Dans son premier roman, Lucie Paye a choisi la choralité. Un homme, une femme. Un être en devenir, un autre qui a vécu. Ils ne se connaissent pas mais portent en eux la même béance, le même manque. Lui, la certitude de n'avoir pas été aimé par son père trop froid. Elle, la perte d'un être cher emporté trop tôt loin d'elle.
Cette dualité est vite harmonieuse, pleine d'accords. Lui, peintre, doit retrouver l'inspiration pour une future exposition.

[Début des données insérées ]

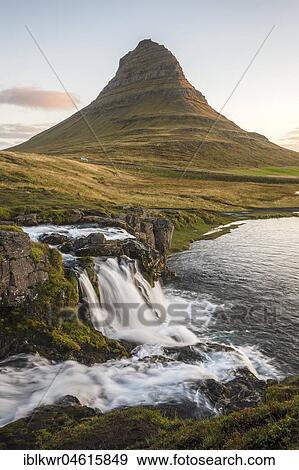 Stock Photo - Sunrise on Kirkjufell mountain with waterfall Kirkjufellfoss, Grundafjördur, West Iceland, Iceland, Europe. Fotosearch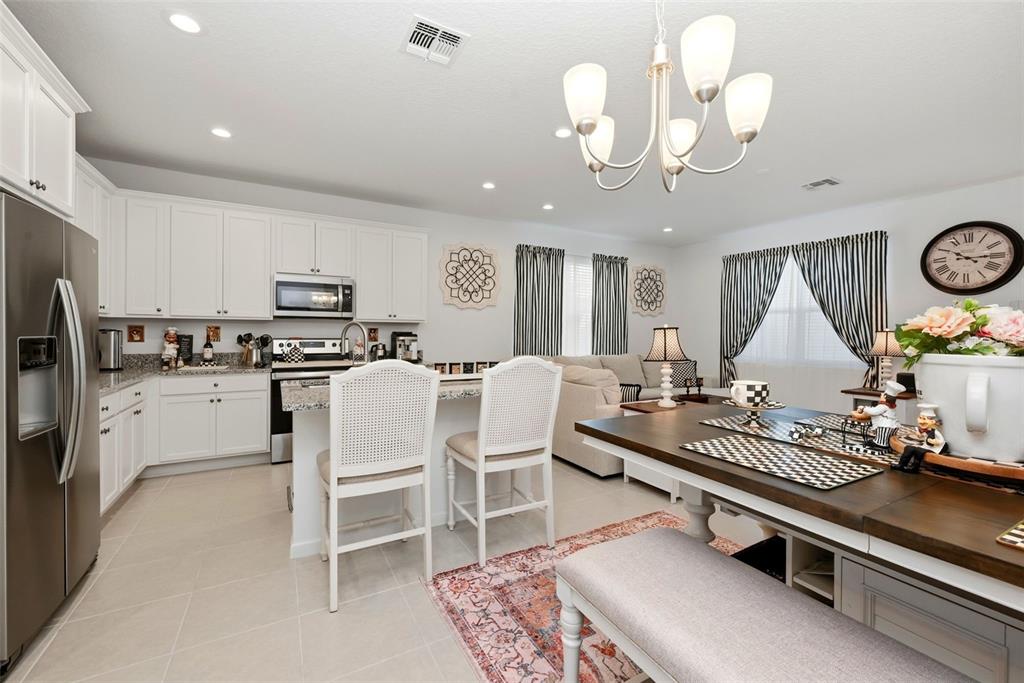 A two-story suburban house with light blue horizontal siding and white stucco exterior walls — 14075 LOCHEND WAY, WINTER GARDEN, FL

"Il travaille plusieurs heures, sans compter, d'un seul élan. Il fait corps avec la toile. Le reste s'évapore".Lors de ses essais de toiles, une silhouette de femme s'impose. Toujours la même avec cet air mélancolique incapable de définir vraiment. Elle, lit ou écrit une lettre au grand absent. Elle y raconte sa vie, ses tourments et cette sensation de le croiser dans la rue ou à des expositions. Guide de musée, elle a trouvé dans une exposition consacrée à Hopper, "ces figures, cette solitude et ce silence au milieu du brouhaha" (...) "l'absence aux autres et à soi-même, le vide au cœur des choses, l'attente insatisfaite". Tout ce qu'elle vit depuis des années.
Lucie Paye dévoile avec parcimonie les secrets de ces Cœurs inquiets. Ses deux personnages sont deux êtres arrachés : l'un à son île du bout du monde, l'autre à son petit. "La maternité est une porte ouverte sur l'immensité", écrit-elle. Tout comme la peinture. Ces deux cœurs se complètent et s'interrogent.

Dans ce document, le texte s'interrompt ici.